MJOLNIR is currently optimized by default to process COI metabarcoding data (the Leray Fragment). For other metabarcoding markers, some settings must be changed as follows:

The following settings are recommended for COI Leray/Leray-XT primers (Leray et al. 2013; Wangensteen et al. 2018):

  • In mjolnir2_FREYJA: Lmin=299,Lmax=320
  • In mjolnir4_ODIN: d=13

The following settings are recommended for 12S MiFish primers (Miya et al. 2015):

  • In mjolnir2_FREYJA: Lmin=140,Lmax=190
  • In mjolnir4_ODIN: d=1

The following settings are recommended for 18S All_shorts primers (Guardiola et al. 2015):

  • In mjolnir2_FREYJA: Lmin=75,Lmax=180
  • In mjolnir4_ODIN: d=1

The following settings are recommended for 16S Bacterial F515/R806 primers (Caporaso et al. 2011):

  • In mjolnir2_FREYJA: Lmin=215,Lmax=299
  • In mjolnir4_ODIN: d=1

The MJOLNIR Pipeline

This is a simplified scheme of the MJOLNIR workflow:

MJOLNIR WORKFLOW

0. Input data

MJOLNIR can process paired-end FASTQ files from Illumina sequencing. There are two ways that you can use to start MJOLNIR:

[1] The MAGENTA WAY (in the figure) will be used if you have MULTIPLEXED libraries containing information from several samples (typically prepared using the METAFAST protocol). This protocol adds sample-tags on both ends of the amplicons, at 5' from the metabarcoding primers. Many samples can be multiplexed into a single metafast library. Each pair of fastq files belonging to a library usually contain multiple samples, identified by unique combination of forward:reverse sample-tags. MJOLNIR can process several such libraries simultaneously, spanning hundreds or thousands of samples, which will be joined together into a final combined dataset before the clustering step.
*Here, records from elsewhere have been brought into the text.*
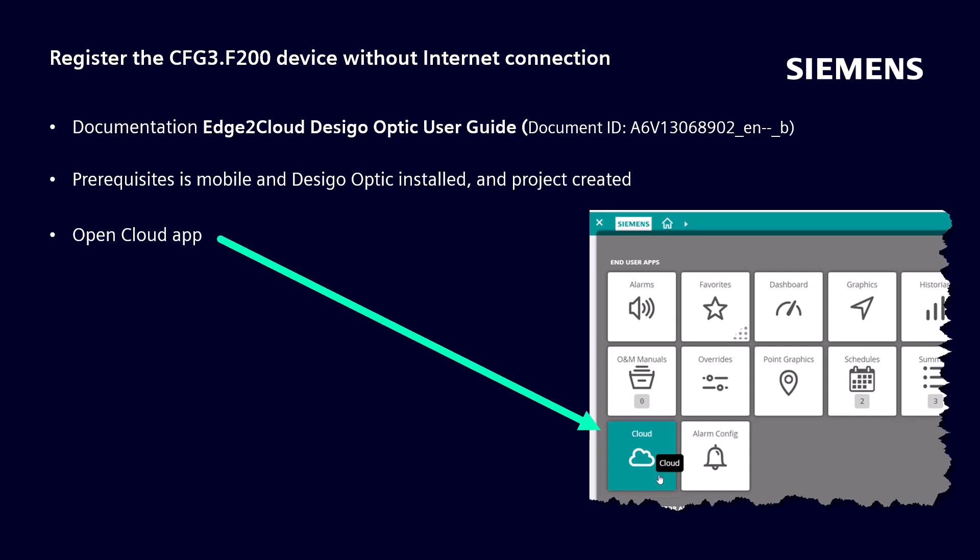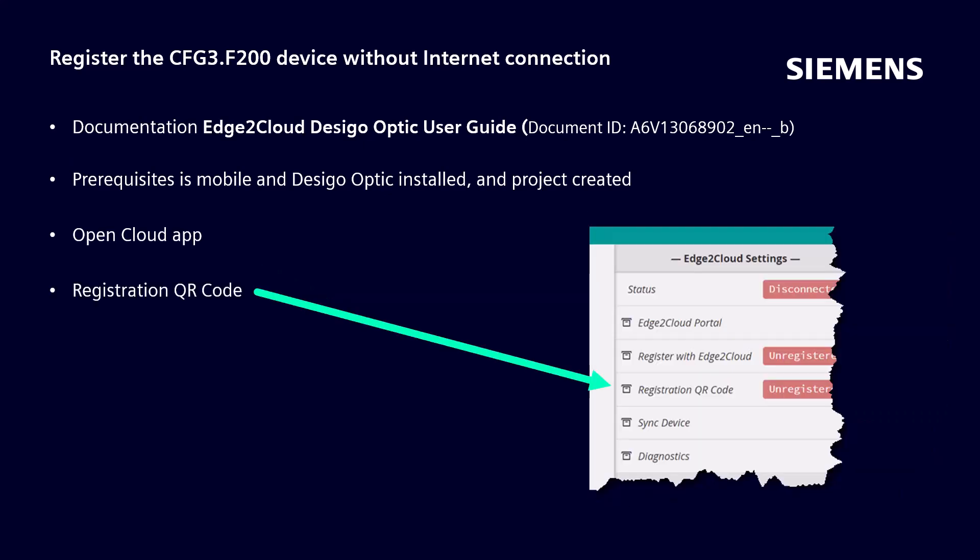In Decego Optic, open the cloud app. Select Registration QR Code. A QR code will display. Use a smartphone camera to capture the QR code.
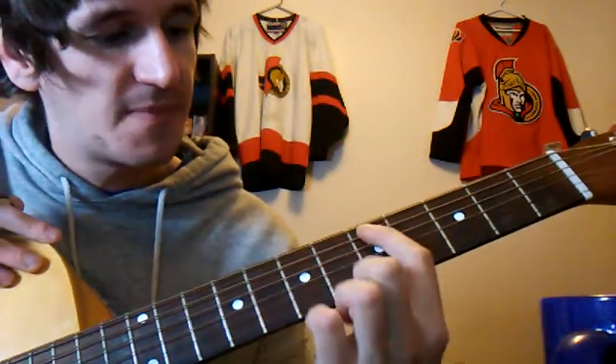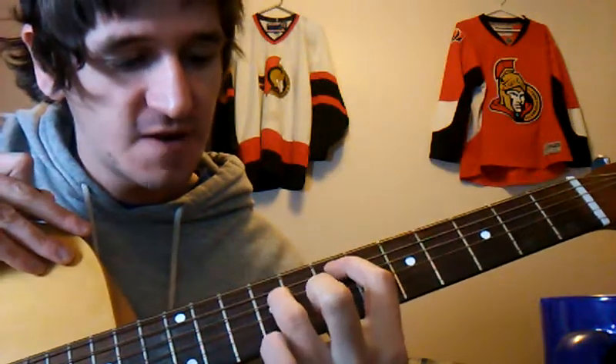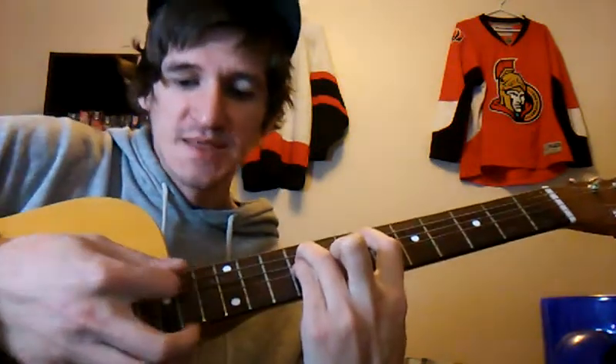We're going to be starting off by placing our index finger on the seventh fret, second string down from the top. Our ring finger is going to be on the ninth fret on the third string down, and our pinky will be on the fourth string down on that ninth fret as well. So just those three — we're not going to be hitting the top strings. You really want the chord to ring out there. That's our first chord.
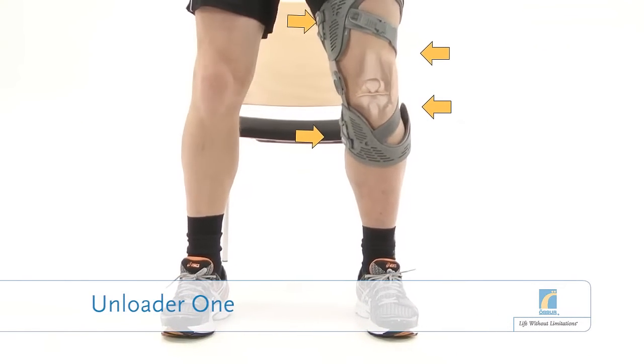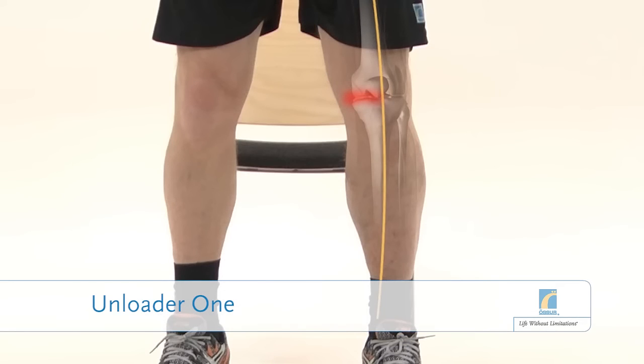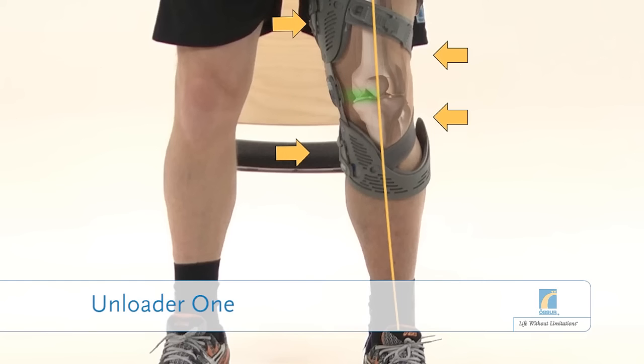The Unloader 1 knee brace is designed to help treat this condition. It reduces the load on the damaged area by transferring the load to unaffected parts of the knee.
Then you need to start your pipeline in mjolnir1_RAN(), so you can increase the speed using parallel sequencing. You will need to provide ngsfilter files for each library, that will be used by mjolnir2_FREYJA(). You have an example of a pipeline using this way here: https://github.com/uit-metabarcoding/MJOLNIR/tree/main/example_MJOLNIR_multiplexed_data_metafast

[2] The ORANGE WAY (in the figure) will be used if you have individual DEMULTIPLEXED paired-end fastq files for each sample. That is, if the demultiplexing have been already done by the Miseq analyzer (typically using library tags). These fastq files are the raw files from the sequencer, and must not be pre-trimmed, so they still contain the primer sequences. Then you will go directly to the second step, using the option demultiplexed=TRUE: mjolnir2_FREYJA(demultiplexed=T). You will need to provide the list of fastq files to process in the LIBX_metadata.tsv table. You have an example of a pipeline using this way here: https://github.com/uit-metabarcoding/MJOLNIR/tree/main/example_MJOLNIR_demultiplexed_data

1. RAN: Reads Allotment in N portions

MJOLNIR starts with a call to mjolnir1_RAN() which will split initial FASTQ files in aliquot parts for parallel processing. This will distribute the initial paired-end fastq files in fragments of equal number of reads, to be processed in parallel. You do not need to worry about if your fastq files are gzipped (.fastq.gz) or unzipped (.fastq). RAN will be able to process both formats automatically. You have to specify the R1 and R2 motifs, needed to get the name of the R2 fastq file from its R1 counterpart.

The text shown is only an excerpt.